This post concludes my first round of the Deal Me In Short Story Reading Challenge.
While I expected to finish back in August, I have enjoyed the challenge so much that I’ve already set up, and started on, a second set of stories and essays. I’ve added essays to the challenge for Non-fiction November.
For this final round in my first deck I had only two cards left, “The Figure in the Carpet” by the master of the short form Henry James and “The Rise and Fall of Sharpie Cakes” by Haruki Murakami who is not slouch.
I’ve been trying to find connections between the two stories I draw as part of the challenge, sort of a challenge challenge. It was easy at first, but got harder as I went along.
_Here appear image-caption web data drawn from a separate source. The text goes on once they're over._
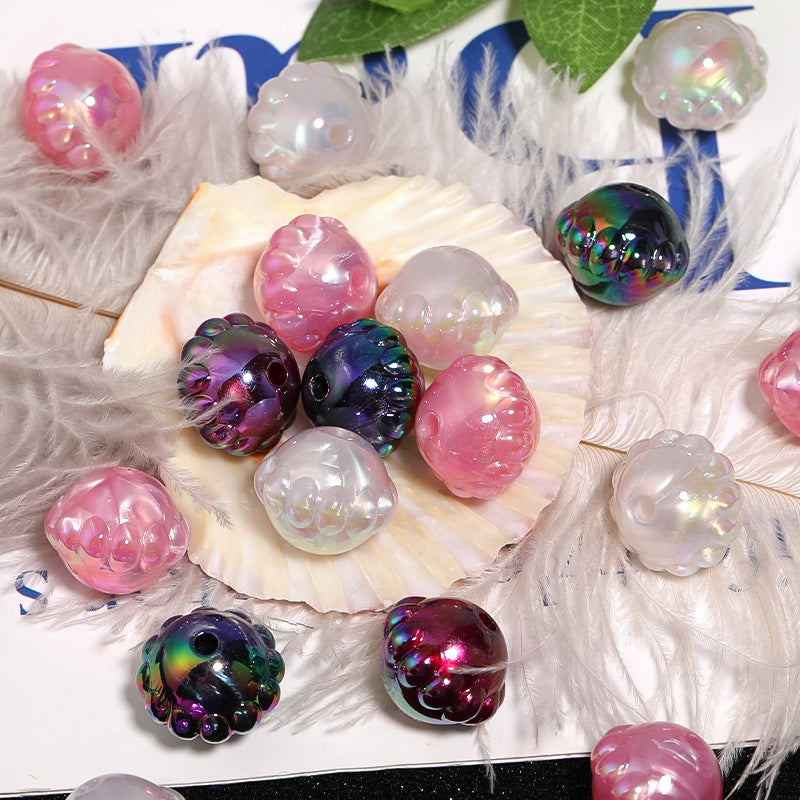 UV Plating Flying Saucer Acrylic Beads 15-17mm Metal Colored 50pcs 4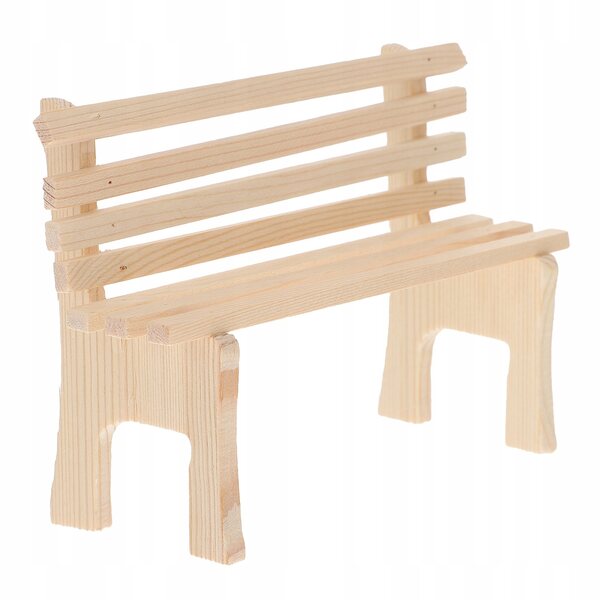 Mini panca in legno per casa delle bambole, dettagli raffinati e dimensioni ridotte
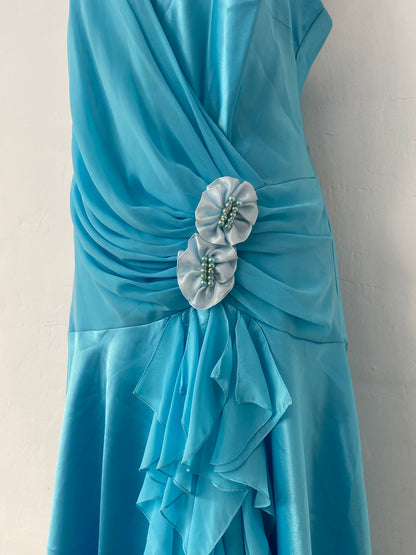 Brand new ethereal blue satin dress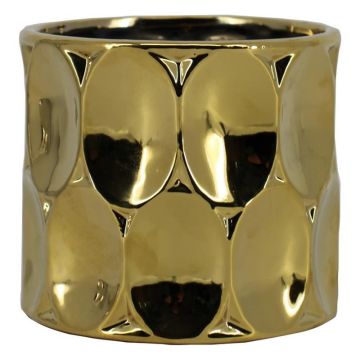 Cache-pot élégant en céramique MANUKO, or brillant, 12,5cm, Ø13,4cm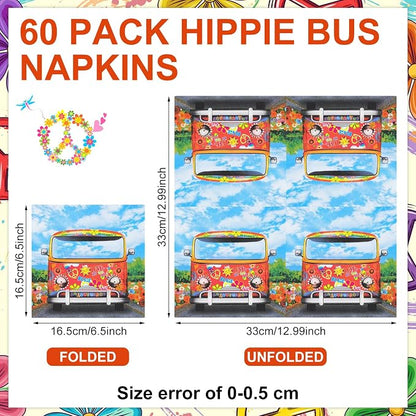 60 Pcs 60's 70's Hippie Party Cocktail Paper Napkins 6.5 x 6.5 Inches - Image 2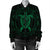 Hawaiian Map Turtle Wave Polynesian Bomber Jacket Green - AH - Polynesian Pride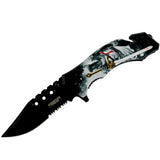Defender-Xtreme 8"Knight & Sword Spring Assisted Folding Knife Glass Breaker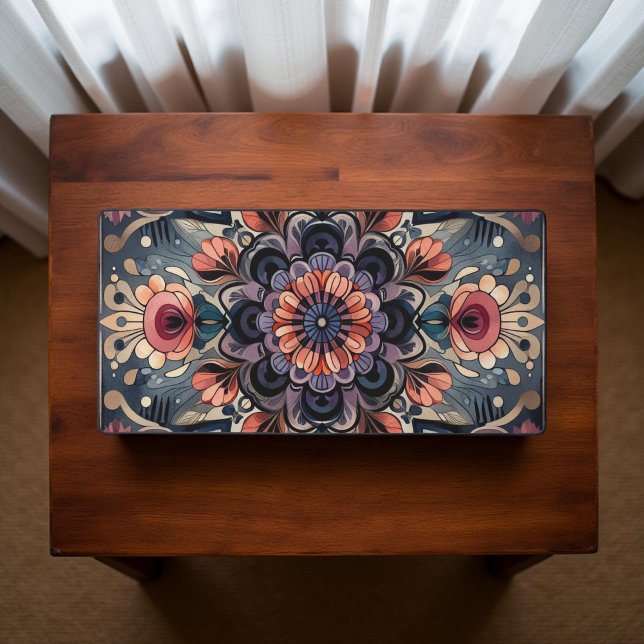 Dark Romance Burgundy Art Deco Floral Summer  Desk Mat (Creator Uploaded)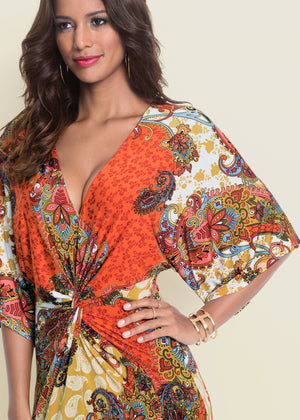 Twist front maxi dress - Orange Multi - thumbnail-3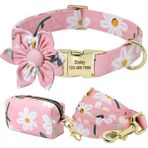 Longbangdian Shop 168 Pembe Set 2 Stili Xs Beden Çiçek Persoalized Köpek Tasması Moda Baskılı Özel Naylon Köpek Tasmaları Küçük Orta Büyük Köpekler Için Ücretsiz Oyulmuş Isim Plakası ile (Yurt Dışından) - NO:1 - Renkli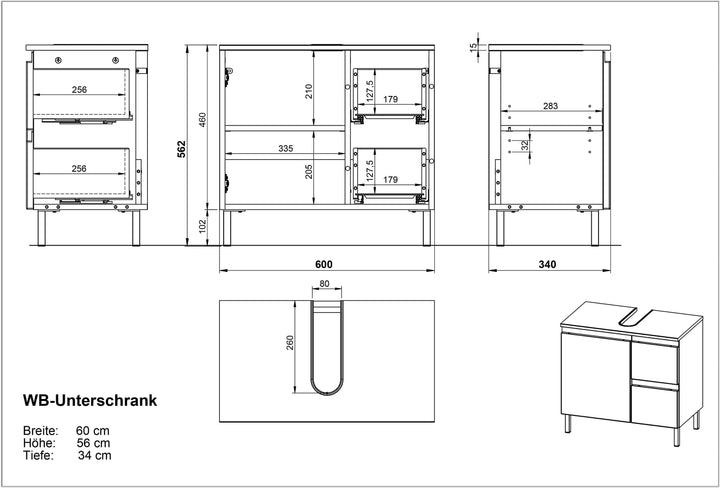 WB-Unterschrank VEER 60x34x56 in Weiß und Grandson-Eiche mit Chromfüßen_ mit Stauraum von Kadima Design_Größe_ 60x34x56 cm_#sku_BARK4330_559#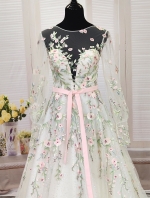 Ball Gown Pink Color Embroidery Floral Lace Appliqued Tulle with Sheer Lacy Bishop Long Sleeves Wedding Dress - MO-B6003
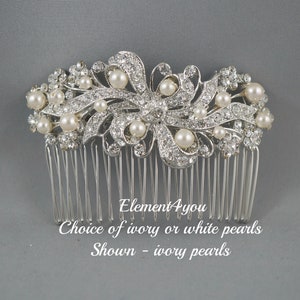 Rhinestone Bridal Comb | Crystal Bridal Hair Piece | Wedding Hair Comb with Ivory & White Pearls | Elegant Bridal Hair Accessory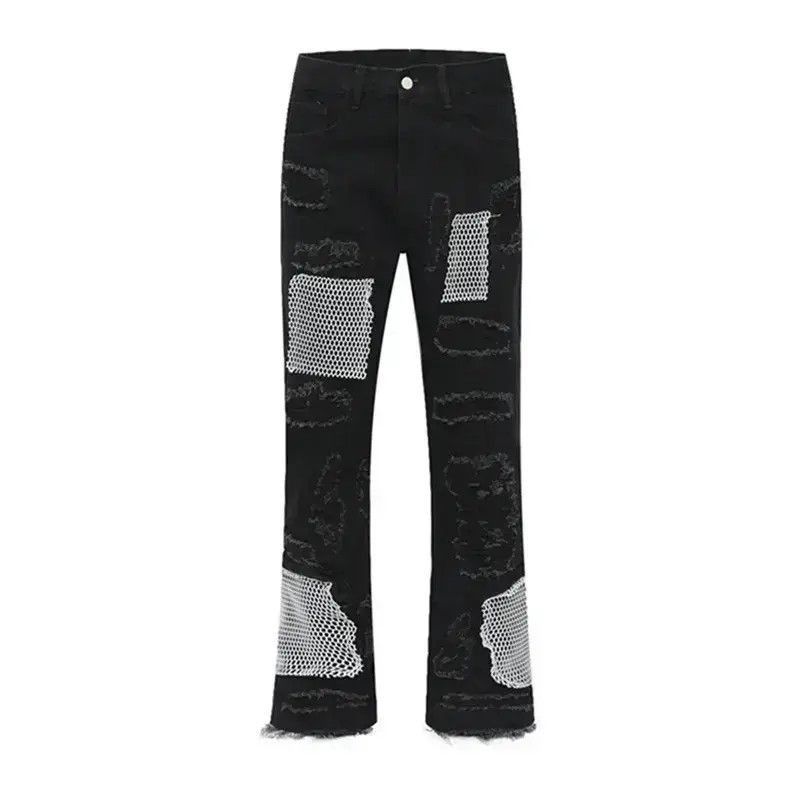 Japanese Brand Ripped Straight Frayed Loose Harajuku Style With Scuffs Size US 32 / EU 48 - 3 Thumbnail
This time it was pretty tough.
“The Figure in the Carpet” is another backstage story, by which I mean it’s about writers and publishing. The narrator is a big fan of Hugh Vereker, a writer of great ability and renown. The narrator, who has had a few things published in various smaller magazines, gets a chance to meet the great Hugh Vereker at a party. He finds the author friendly, open to his opinions about writing in general and about Vereker’s work in particular. But soon into the conversation Vereker tells the narrator that he, like everyone else who has ever read his work, has missed the key factor, the one thing that would unlock it all. No one has ever figured out what he was really doing all these years. No one has been able to see the figure in the carpet.
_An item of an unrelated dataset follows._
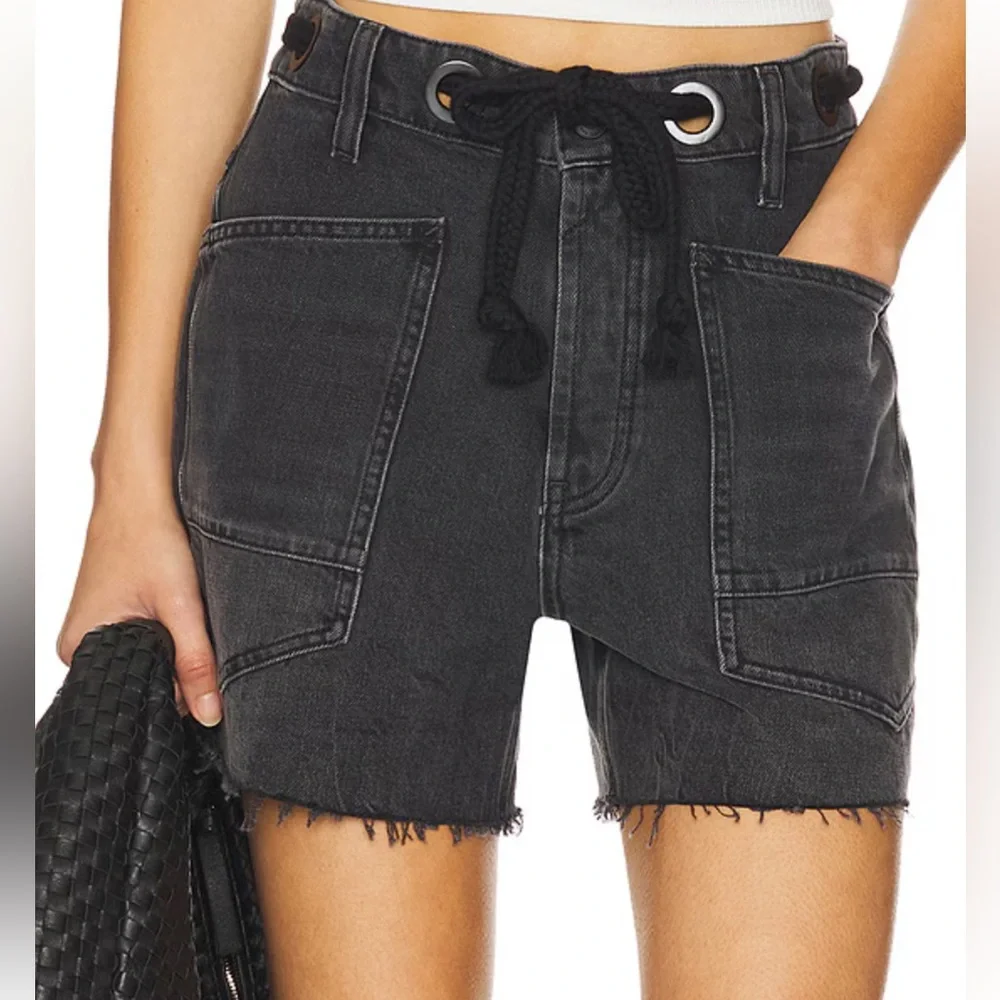 Women’s Black Denim Drawstring Shorts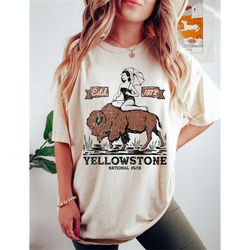 yellowstone tee, yellowstone t-shirt, yellowstone national park, vintage inspired  cotton t-shirt, unisex tee, comfort c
The narrator goes back to re-read all of Vereker’s work to try to figure things out, but he cannot. Vereker won’t tell him, won’t give him the slightest hint. Vereker does tell his young wife, but she will not tell anyone either, certainly not the narrator. In a more typical James ending, something would have been revealed, usually something that makes everything else appear different than it did before. But here the great man goes to his grave his secrets in tact. We never do find out what he was really up to in his writing.
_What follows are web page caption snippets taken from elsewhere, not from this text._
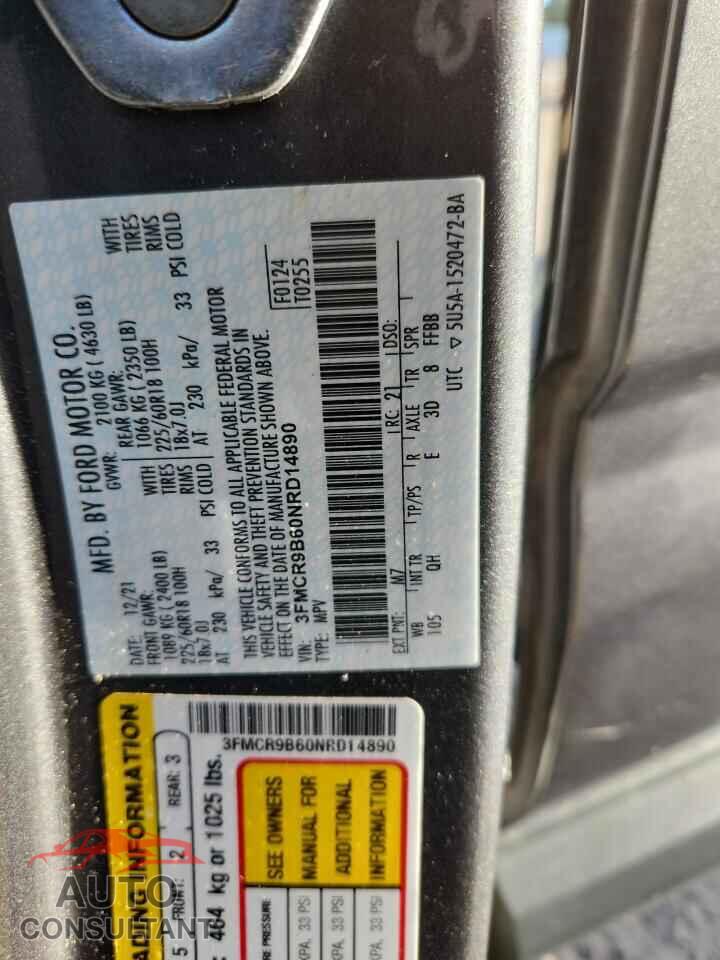 FORD BRONCO 2022 - 3FMCR9B60NRD14890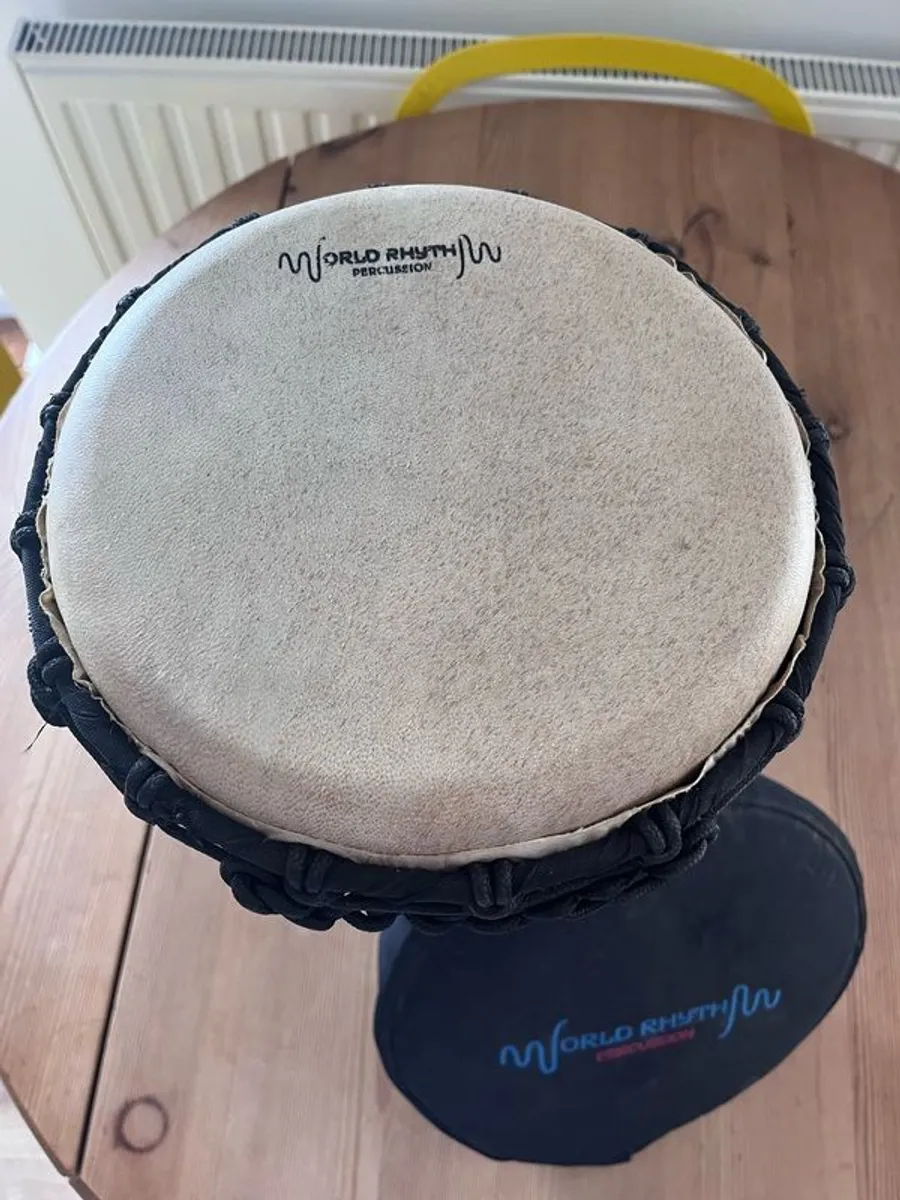 Rope tuned 8.5-9.5" wooden djembe drum - Image 3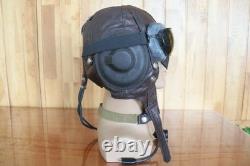 Original Air Force MiG-15 Pilot Leather Helmet(3#/57cm), Vintage Brown Goggles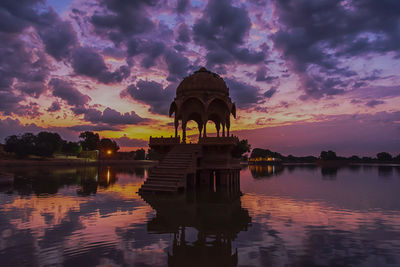 Scenic view of lake during sunset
At less that one tenth the length of Henry James’s story, Murakmi’s “The Rise and Fall of Sharpie Cakes” is the magical kind of Murakami his most dedicated fans love. His narrator enters a contest to make a new confection based on Sharpie Cakes. At stake are two million yen, enough money for the narrator to marry his girlfriend. He spends a month working on a new sharpie cake. Afterwards, he his called in by the company and told that he is the winner, but they are not sure that his cakes are true Sharpie Cakes. The older employee think they are not Sharpie Cakes while the younger employees think they are true Sharpie Cakes.
The Sharpie Crows must decide his fate. The Shaprie Crows are crows that eat only Sharpie Cakes. Since they will only eat true Sharpie Cakes, if they eat the narrator’s cakes, then the dispute will be settled. If they don’t the dispute will also be settled, but the narrator will not get the two million yen.
Without giving away the ending, the narrator does not get the prize money, but the reader doesn’t know if his Sharpie Cakes are true Sharpie Cakes either because the crows cannot agree.
Which is kind of a connection between the two stories. Neither has an open ending, not at all, but both stories leave their central question unanswered. We don’t know if the Sharpie Cakes are true Sharpie Cakes, nor do we ever find out what it was Hugh Vereker’ considered the key to his work.
I wonder if both stories have the same message, ultimately. Murakami’s is so playful, so fanciful, that I could be easily reading much more into it than I should, but James’s story makes a case against authorial intent, in my view. Since we can never really know what the author really intended, the best we can ever have is the author’s word and why should we believe him, we are left to make of stories what we will. At the end of the day, we just have the text in front of us. How we choose to read it is our own concern.
The same message seems to come through in Murakami’s story. The narrator knows that his Sharpie Cakes are real, but the birds cannot come to a consensus. They disagree to the point of violence while the narrator walks away determined to make and eat his own cakes without giving in to the opinion of “damned Sharpie Crows.” We can read the Sharpie Crows as critics and the company employees as an audience, but nethier group can decide if the narrator’s Sharpie Cakes are true Sharpie Cakes or not. Murakmi’s narrator is an author refusing to care what his critics and his audience really thinks. James’s narrator is a reader/critic who will never know what the author really thinks.
Me, I think I’m just going to draw another set of cards and see what happens.